TASK DESCRIPTION: Return the records below character for character.

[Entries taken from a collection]
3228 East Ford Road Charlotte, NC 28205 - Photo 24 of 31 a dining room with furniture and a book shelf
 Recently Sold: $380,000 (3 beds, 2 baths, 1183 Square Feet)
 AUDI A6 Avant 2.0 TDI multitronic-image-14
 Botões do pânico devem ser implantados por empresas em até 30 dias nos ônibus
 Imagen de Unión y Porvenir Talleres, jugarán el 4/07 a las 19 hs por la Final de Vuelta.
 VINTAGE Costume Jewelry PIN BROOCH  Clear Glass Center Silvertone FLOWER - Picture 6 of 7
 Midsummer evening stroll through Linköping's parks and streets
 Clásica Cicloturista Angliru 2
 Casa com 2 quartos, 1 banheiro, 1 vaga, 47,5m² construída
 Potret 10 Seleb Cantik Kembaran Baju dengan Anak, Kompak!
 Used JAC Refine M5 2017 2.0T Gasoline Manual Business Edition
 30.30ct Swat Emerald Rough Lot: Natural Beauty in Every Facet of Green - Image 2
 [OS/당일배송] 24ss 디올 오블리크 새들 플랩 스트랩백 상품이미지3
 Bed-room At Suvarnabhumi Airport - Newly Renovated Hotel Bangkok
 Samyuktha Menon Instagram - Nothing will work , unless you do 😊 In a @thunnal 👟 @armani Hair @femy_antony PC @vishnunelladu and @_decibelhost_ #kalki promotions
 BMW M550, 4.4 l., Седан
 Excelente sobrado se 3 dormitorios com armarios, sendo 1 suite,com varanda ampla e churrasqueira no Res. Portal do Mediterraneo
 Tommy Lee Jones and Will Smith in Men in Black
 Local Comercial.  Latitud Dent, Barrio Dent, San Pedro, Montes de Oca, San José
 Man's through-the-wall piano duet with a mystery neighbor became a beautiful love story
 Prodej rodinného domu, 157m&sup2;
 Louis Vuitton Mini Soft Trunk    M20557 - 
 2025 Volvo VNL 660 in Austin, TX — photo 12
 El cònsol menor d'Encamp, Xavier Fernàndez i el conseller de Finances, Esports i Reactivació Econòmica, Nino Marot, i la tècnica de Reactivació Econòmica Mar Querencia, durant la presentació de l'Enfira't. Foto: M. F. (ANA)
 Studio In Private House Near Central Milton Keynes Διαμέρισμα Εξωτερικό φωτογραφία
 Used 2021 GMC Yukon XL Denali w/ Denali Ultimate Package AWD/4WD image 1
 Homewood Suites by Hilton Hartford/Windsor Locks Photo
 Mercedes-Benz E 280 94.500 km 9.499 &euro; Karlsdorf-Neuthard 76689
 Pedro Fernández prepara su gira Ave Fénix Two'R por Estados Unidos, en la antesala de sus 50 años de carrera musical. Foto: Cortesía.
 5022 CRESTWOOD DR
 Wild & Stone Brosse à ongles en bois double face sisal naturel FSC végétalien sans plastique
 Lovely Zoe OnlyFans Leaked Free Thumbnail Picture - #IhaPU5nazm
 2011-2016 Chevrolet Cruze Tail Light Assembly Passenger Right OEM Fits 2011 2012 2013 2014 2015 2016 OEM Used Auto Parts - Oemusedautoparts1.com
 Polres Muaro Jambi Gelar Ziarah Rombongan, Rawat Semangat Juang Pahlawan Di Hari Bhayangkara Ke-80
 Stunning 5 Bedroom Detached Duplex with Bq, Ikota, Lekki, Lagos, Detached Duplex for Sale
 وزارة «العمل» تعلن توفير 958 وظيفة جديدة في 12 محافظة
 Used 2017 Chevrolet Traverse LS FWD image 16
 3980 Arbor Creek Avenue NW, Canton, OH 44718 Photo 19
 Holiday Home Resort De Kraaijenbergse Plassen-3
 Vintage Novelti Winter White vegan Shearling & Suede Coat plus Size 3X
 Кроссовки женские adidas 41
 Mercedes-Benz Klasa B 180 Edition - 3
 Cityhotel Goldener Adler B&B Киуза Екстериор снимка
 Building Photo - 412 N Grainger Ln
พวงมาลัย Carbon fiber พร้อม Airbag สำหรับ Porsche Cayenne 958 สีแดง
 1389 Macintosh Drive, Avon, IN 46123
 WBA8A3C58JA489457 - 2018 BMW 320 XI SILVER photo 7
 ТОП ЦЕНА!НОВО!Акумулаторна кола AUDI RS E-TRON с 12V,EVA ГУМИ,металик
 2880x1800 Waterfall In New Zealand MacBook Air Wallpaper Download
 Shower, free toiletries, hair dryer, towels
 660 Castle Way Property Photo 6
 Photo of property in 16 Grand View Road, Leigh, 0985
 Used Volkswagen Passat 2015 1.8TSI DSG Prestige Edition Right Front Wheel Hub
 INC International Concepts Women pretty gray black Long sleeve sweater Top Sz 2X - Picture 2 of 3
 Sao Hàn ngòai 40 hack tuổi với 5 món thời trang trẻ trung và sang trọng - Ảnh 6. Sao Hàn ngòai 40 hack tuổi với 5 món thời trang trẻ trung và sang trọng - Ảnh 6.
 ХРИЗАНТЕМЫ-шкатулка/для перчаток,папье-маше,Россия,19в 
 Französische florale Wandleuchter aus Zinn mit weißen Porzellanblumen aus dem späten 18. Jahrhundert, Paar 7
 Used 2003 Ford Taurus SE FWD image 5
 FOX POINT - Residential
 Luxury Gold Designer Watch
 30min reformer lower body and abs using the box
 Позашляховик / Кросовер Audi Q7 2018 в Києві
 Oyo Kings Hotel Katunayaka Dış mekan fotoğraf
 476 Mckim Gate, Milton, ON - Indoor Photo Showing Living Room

ANSWER TO THIS PROBLEM:
3228 East Ford Road Charlotte, NC 28205 - Photo 24 of 31 a dining room with furniture and a book shelf
 Recently Sold: $380,000 (3 beds, 2 baths, 1183 Square Feet)
 AUDI A6 Avant 2.0 TDI multitronic-image-14
 Botões do pânico devem ser implantados por empresas em até 30 dias nos ônibus
 Imagen de Unión y Porvenir Talleres, jugarán el 4/07 a las 19 hs por la Final de Vuelta.
 VINTAGE Costume Jewelry PIN BROOCH  Clear Glass Center Silvertone FLOWER - Picture 6 of 7
 Midsummer evening stroll through Linköping's parks and streets
 Clásica Cicloturista Angliru 2
 Casa com 2 quartos, 1 banheiro, 1 vaga, 47,5m² construída
 Potret 10 Seleb Cantik Kembaran Baju dengan Anak, Kompak!
 Used JAC Refine M5 2017 2.0T Gasoline Manual Business Edition
 30.30ct Swat Emerald Rough Lot: Natural Beauty in Every Facet of Green - Image 2
 [OS/당일배송] 24ss 디올 오블리크 새들 플랩 스트랩백 상품이미지3
 Bed-room At Suvarnabhumi Airport - Newly Renovated Hotel Bangkok
 Samyuktha Menon Instagram - Nothing will work , unless you do 😊 In a @thunnal 👟 @armani Hair @femy_antony PC @vishnunelladu and @_decibelhost_ #kalki promotions
 BMW M550, 4.4 l., Седан
 Excelente sobrado se 3 dormitorios com armarios, sendo 1 suite,com varanda ampla e churrasqueira no Res. Portal do Mediterraneo
 Tommy Lee Jones and Will Smith in Men in Black
 Local Comercial.  Latitud Dent, Barrio Dent, San Pedro, Montes de Oca, San José
 Man's through-the-wall piano duet with a mystery neighbor became a beautiful love story
 Prodej rodinného domu, 157m&sup2;
 Louis Vuitton Mini Soft Trunk    M20557 - 
 2025 Volvo VNL 660 in Austin, TX — photo 12
 El cònsol menor d'Encamp, Xavier Fernàndez i el conseller de Finances, Esports i Reactivació Econòmica, Nino Marot, i la tècnica de Reactivació Econòmica Mar Querencia, durant la presentació de l'Enfira't. Foto: M. F. (ANA)
 Studio In Private House Near Central Milton Keynes Διαμέρισμα Εξωτερικό φωτογραφία
 Used 2021 GMC Yukon XL Denali w/ Denali Ultimate Package AWD/4WD image 1
 Homewood Suites by Hilton Hartford/Windsor Locks Photo
 Mercedes-Benz E 280 94.500 km 9.499 &euro; Karlsdorf-Neuthard 76689
 Pedro Fernández prepara su gira Ave Fénix Two'R por Estados Unidos, en la antesala de sus 50 años de carrera musical. Foto: Cortesía.
 5022 CRESTWOOD DR
 Wild & Stone Brosse à ongles en bois double face sisal naturel FSC végétalien sans plastique
 Lovely Zoe OnlyFans Leaked Free Thumbnail Picture - #IhaPU5nazm
 2011-2016 Chevrolet Cruze Tail Light Assembly Passenger Right OEM Fits 2011 2012 2013 2014 2015 2016 OEM Used Auto Parts - Oemusedautoparts1.com
 Polres Muaro Jambi Gelar Ziarah Rombongan, Rawat Semangat Juang Pahlawan Di Hari Bhayangkara Ke-80
 Stunning 5 Bedroom Detached Duplex with Bq, Ikota, Lekki, Lagos, Detached Duplex for Sale
 وزارة «العمل» تعلن توفير 958 وظيفة جديدة في 12 محافظة
 Used 2017 Chevrolet Traverse LS FWD image 16
 3980 Arbor Creek Avenue NW, Canton, OH 44718 Photo 19
 Holiday Home Resort De Kraaijenbergse Plassen-3
 Vintage Novelti Winter White vegan Shearling & Suede Coat plus Size 3X
 Кроссовки женские adidas 41
 Mercedes-Benz Klasa B 180 Edition - 3
 Cityhotel Goldener Adler B&B Киуза Екстериор снимка
 Building Photo - 412 N Grainger Ln
พวงมาลัย Carbon fiber พร้อม Airbag สำหรับ Porsche Cayenne 958 สีแดง
 1389 Macintosh Drive, Avon, IN 46123
 WBA8A3C58JA489457 - 2018 BMW 320 XI SILVER photo 7
 ТОП ЦЕНА!НОВО!Акумулаторна кола AUDI RS E-TRON с 12V,EVA ГУМИ,металик
 2880x1800 Waterfall In New Zealand MacBook Air Wallpaper Download
 Shower, free toiletries, hair dryer, towels
 660 Castle Way Property Photo 6
 Photo of property in 16 Grand View Road, Leigh, 0985
 Used Volkswagen Passat 2015 1.8TSI DSG Prestige Edition Right Front Wheel Hub
 INC International Concepts Women pretty gray black Long sleeve sweater Top Sz 2X - Picture 2 of 3
 Sao Hàn ngòai 40 hack tuổi với 5 món thời trang trẻ trung và sang trọng - Ảnh 6. Sao Hàn ngòai 40 hack tuổi với 5 món thời trang trẻ trung và sang trọng - Ảnh 6.
 ХРИЗАНТЕМЫ-шкатулка/для перчаток,папье-маше,Россия,19в 
 Französische florale Wandleuchter aus Zinn mit weißen Porzellanblumen aus dem späten 18. Jahrhundert, Paar 7
 Used 2003 Ford Taurus SE FWD image 5
 FOX POINT - Residential
 Luxury Gold Designer Watch
 30min reformer lower body and abs using the box
 Позашляховик / Кросовер Audi Q7 2018 в Києві
 Oyo Kings Hotel Katunayaka Dış mekan fotoğraf
 476 Mckim Gate, Milton, ON - Indoor Photo Showing Living Room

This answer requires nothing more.